-- Opening Marker --

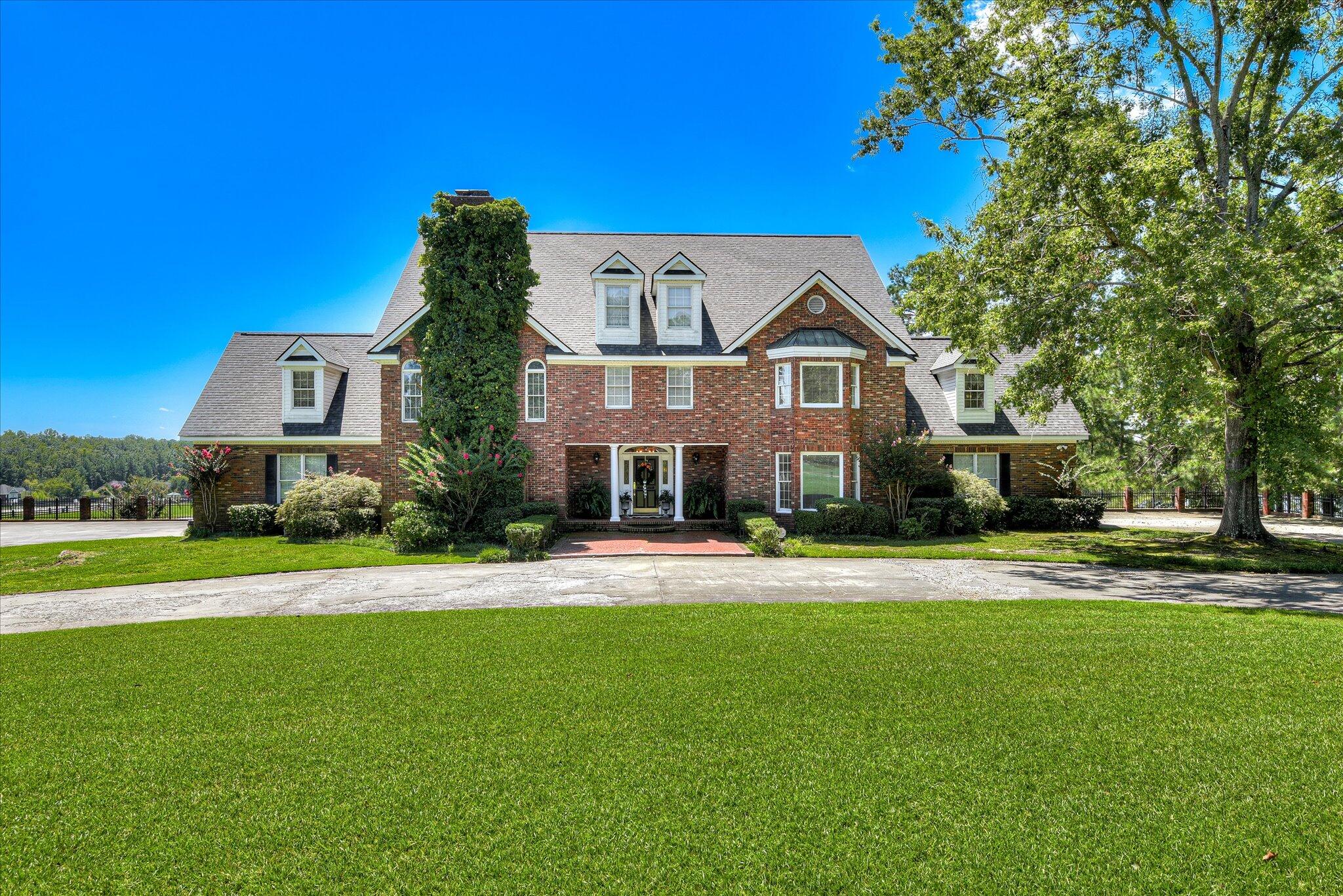971 Windmill Lane Evans, GA 30809 - Photo 1 of 68 01-101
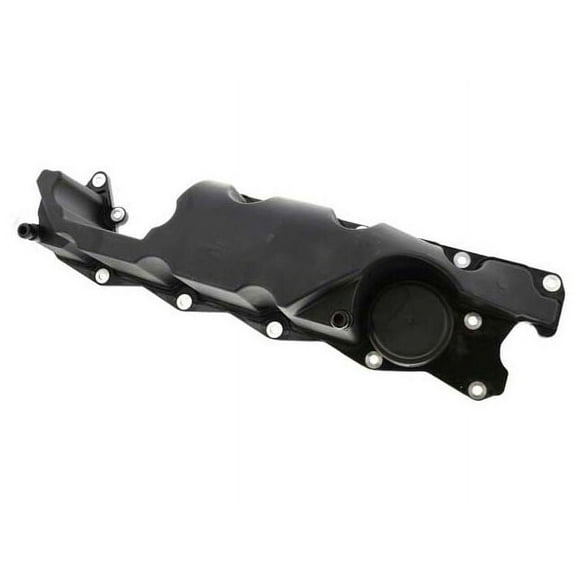 PCV Valve Trap - Compatible with 2007 - 2014 Volvo XC90 3.2L 6-Cylinder 2008 2009 2010 2011 2012 2013
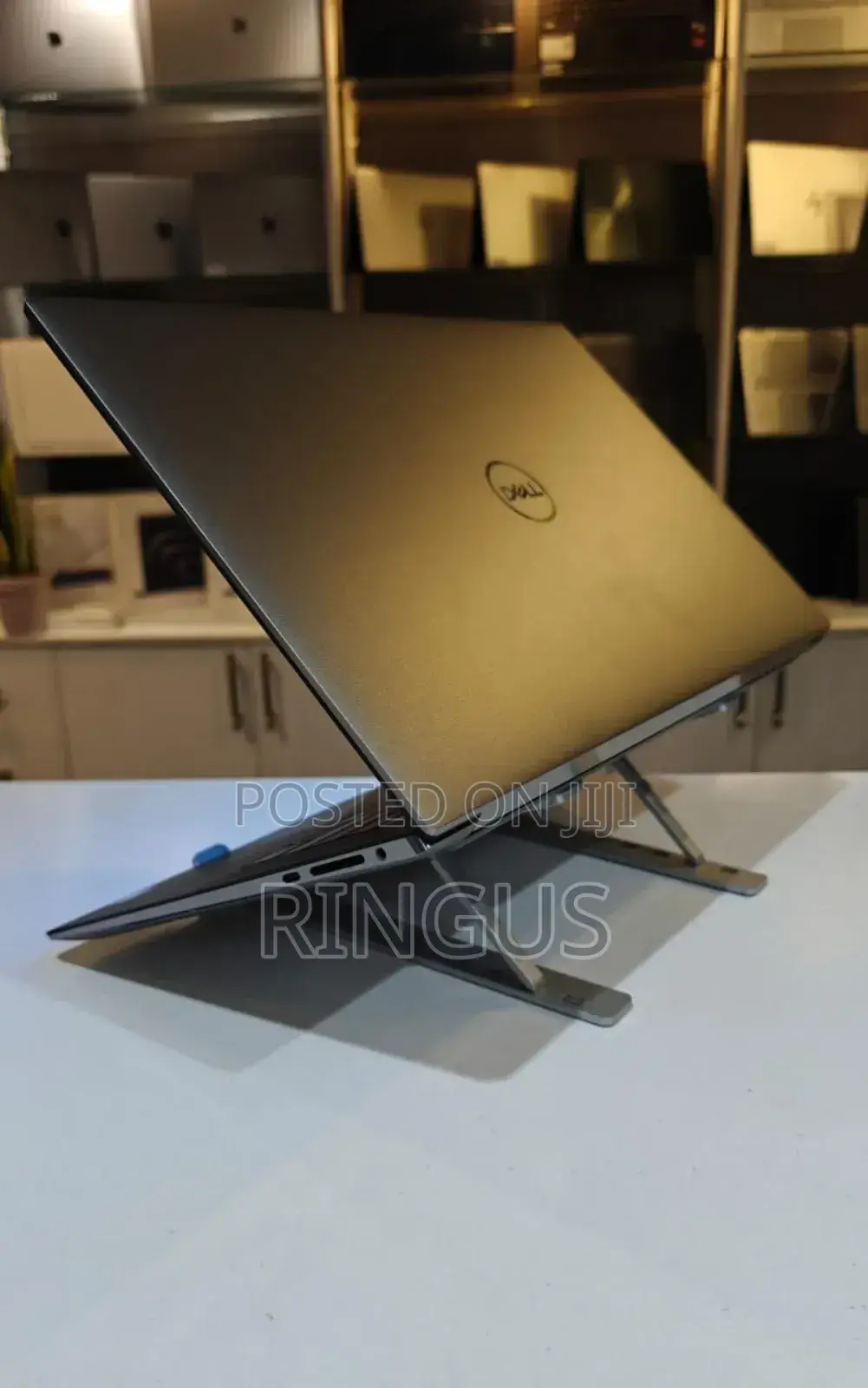 Laptop Dell Precision 5550 32GB Intel Core I7 SSD 512GB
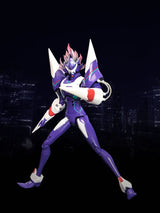HAF Alexis Keliv New Order 20 cm Action Figure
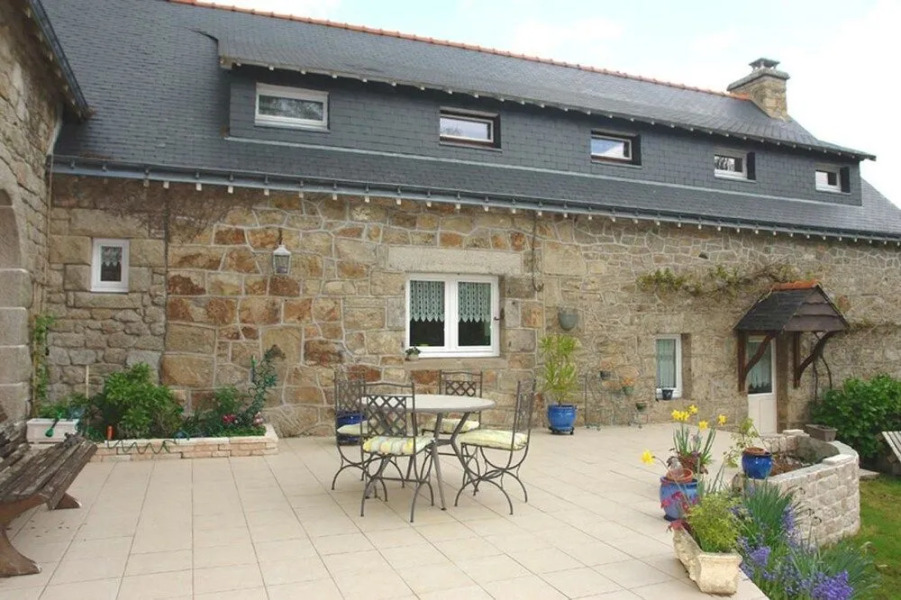 Les Etangs de Pitié Chambres d'hôtes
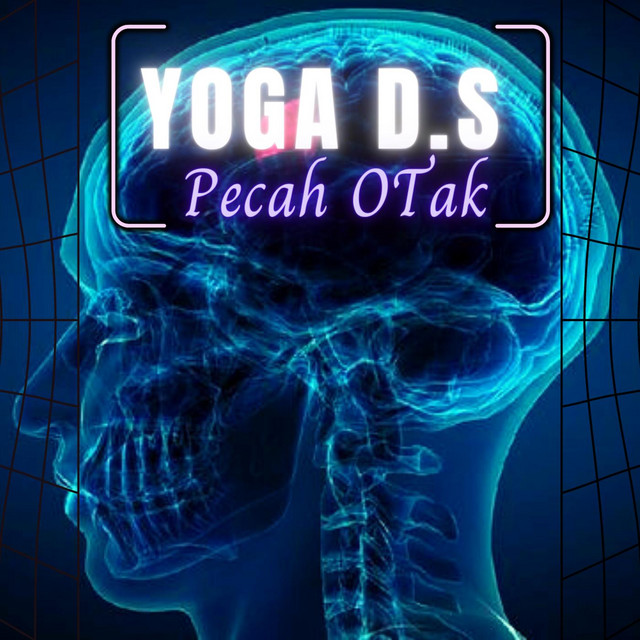 Pecah Otak cover art
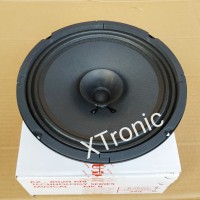 speaker audax 8 inch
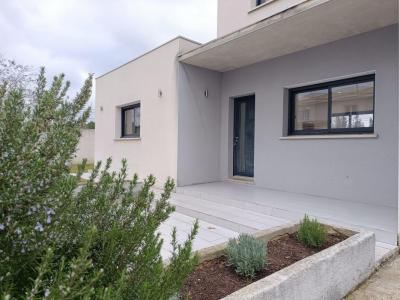 Vente Maison 5 pi�ces SAINT-MARCEL-SUR-AUDE 11120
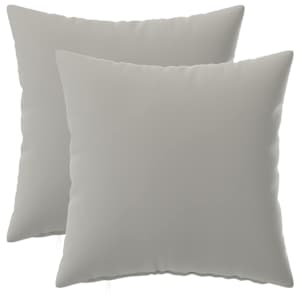 vidaXL Diivanipadi 2 pcs HEERLEN Hall 30 x 30 cm Pol&uuml;ester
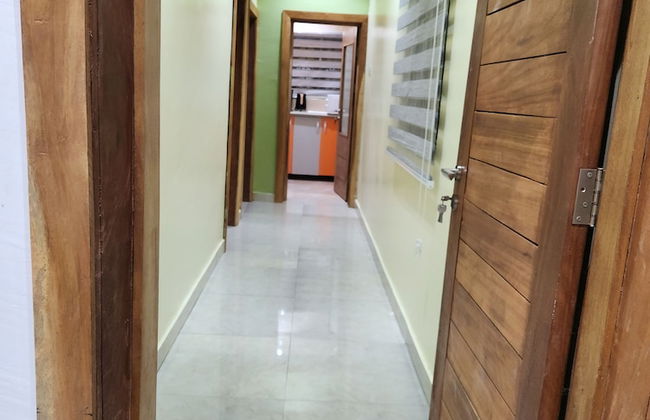 The Morville Suites and Apartments - Foto 18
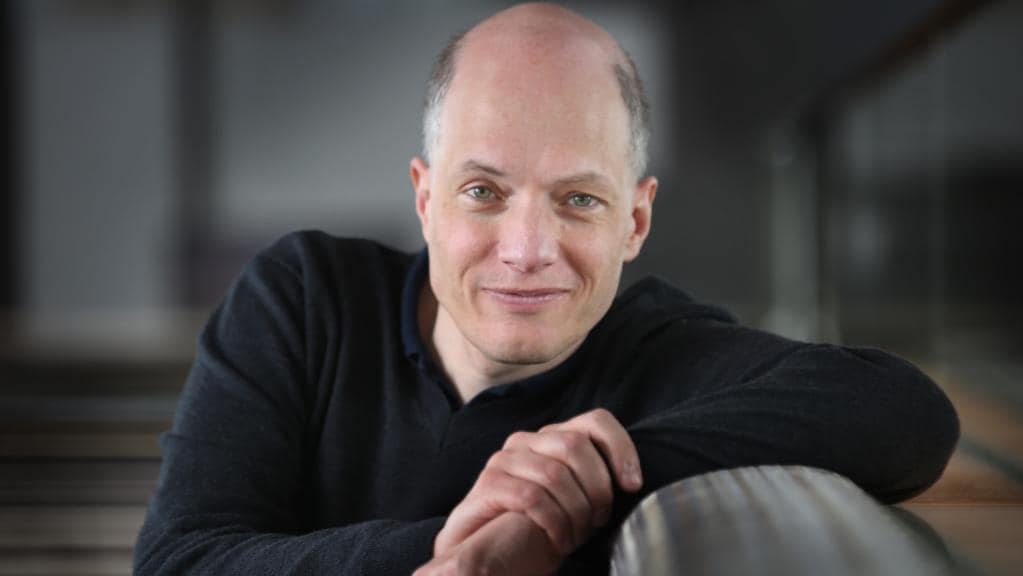 Frases de Alain de Botton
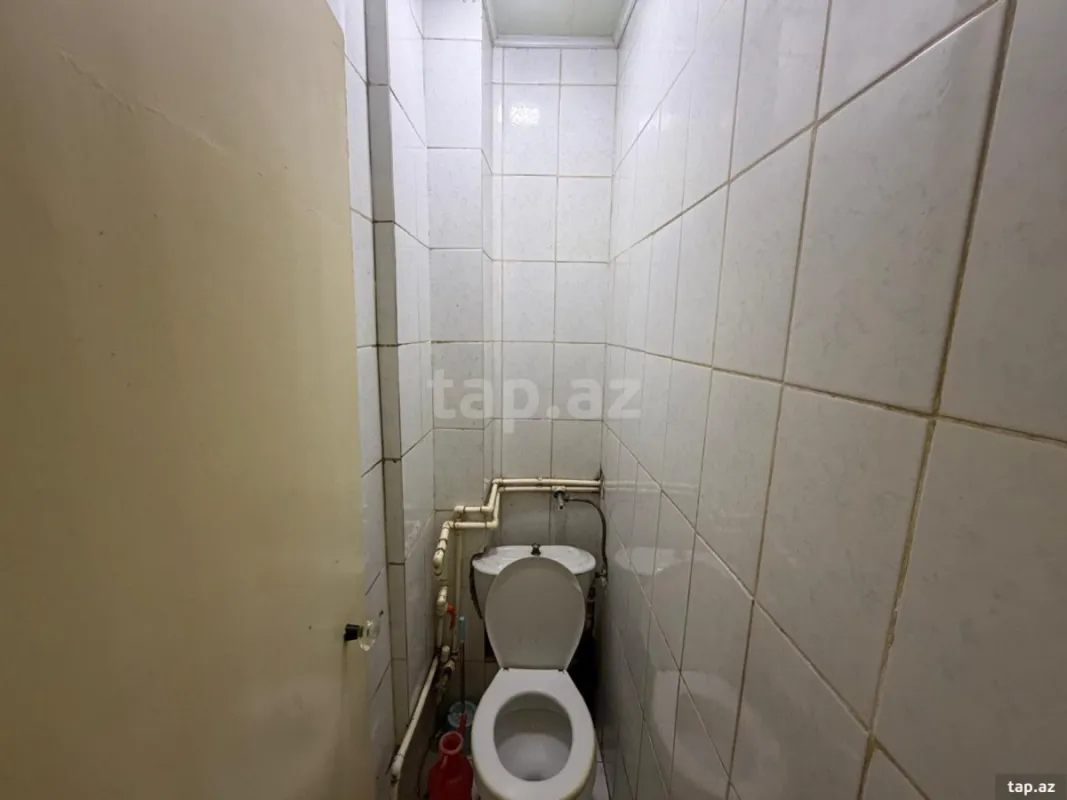 Satılır 2 otaqlı yeni tikili 55 m²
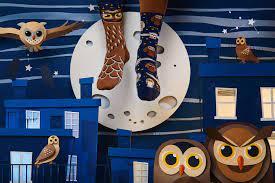 Produktbild Many Mornings Owly Moly (Einzelpack, 39 - 42)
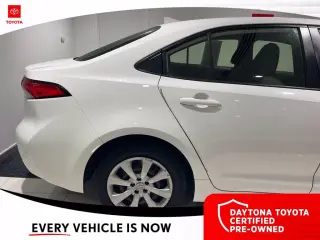 Toyota Corolla 2020 LE 4dr Sedán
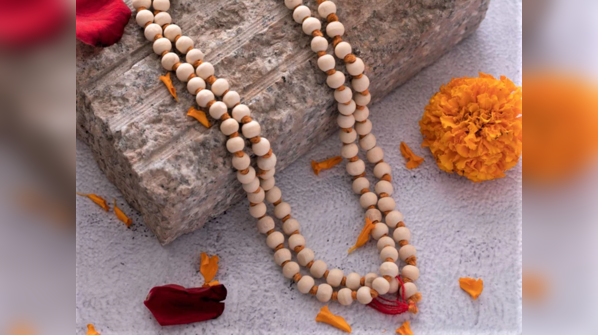 Why do Krishna devotees wear Tulsi mala?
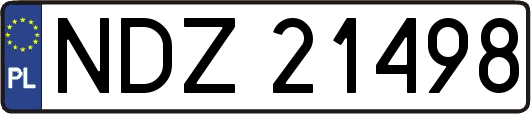 NDZ21498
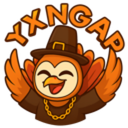 Discovery icon for YxngAP's Sloth Family Discord server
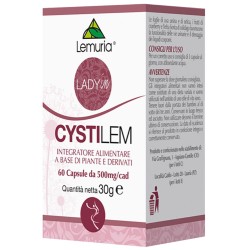 Lemuria Cystilem per... Lemuria Cystilem per...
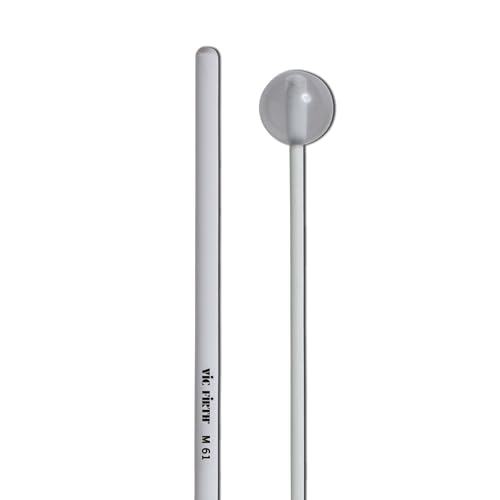 VIC FIRTH Marching Mallets M61 Corpsmaster Serie von Vic Firth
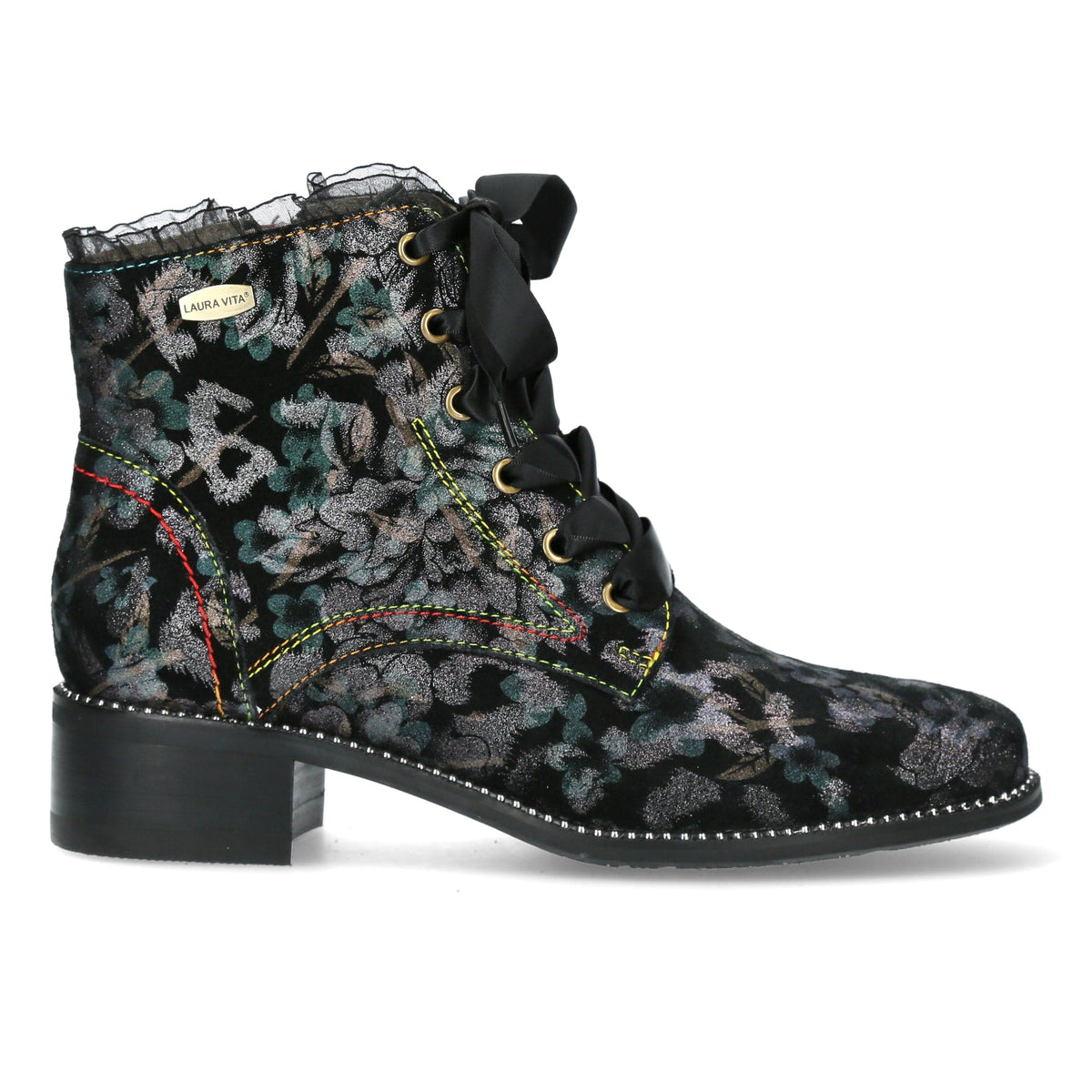 Ankle Boots - EMCMAO 05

-- Closing Marker --

All that is required is an exact reproduction of the lines from the one containing "Les Etangs de Pitié Chambres d'hôtes" to the final line of the listing above, pictures omitted.

[EXERCISE SOLUTION]
 Les Etangs de Pitié Chambres d'hôtes
 Pecah Otak cover art
 speaker audax 8 inch
 Vente Maison 5 pi�ces SAINT-MARCEL-SUR-AUDE 11120
 vidaXL Diivanipadi 2 pcs HEERLEN Hall 30 x 30 cm Pol&uuml;ester
 The Morville Suites and Apartments - Foto 18
 Frases de Alain de Botton
 Satılır 2 otaqlı yeni tikili 55 m²
 Produktbild Many Mornings Owly Moly (Einzelpack, 39 - 42)
 Toyota Corolla 2020 LE 4dr Sedán
 Why do Krishna devotees wear Tulsi mala?
 NDZ21498
 Discovery icon for YxngAP's Sloth Family Discord server
 Lemuria Cystilem per... Lemuria Cystilem per...
 VIC FIRTH Marching Mallets M61 Corpsmaster Serie von Vic Firth
 Ankle Boots - EMCMAO 05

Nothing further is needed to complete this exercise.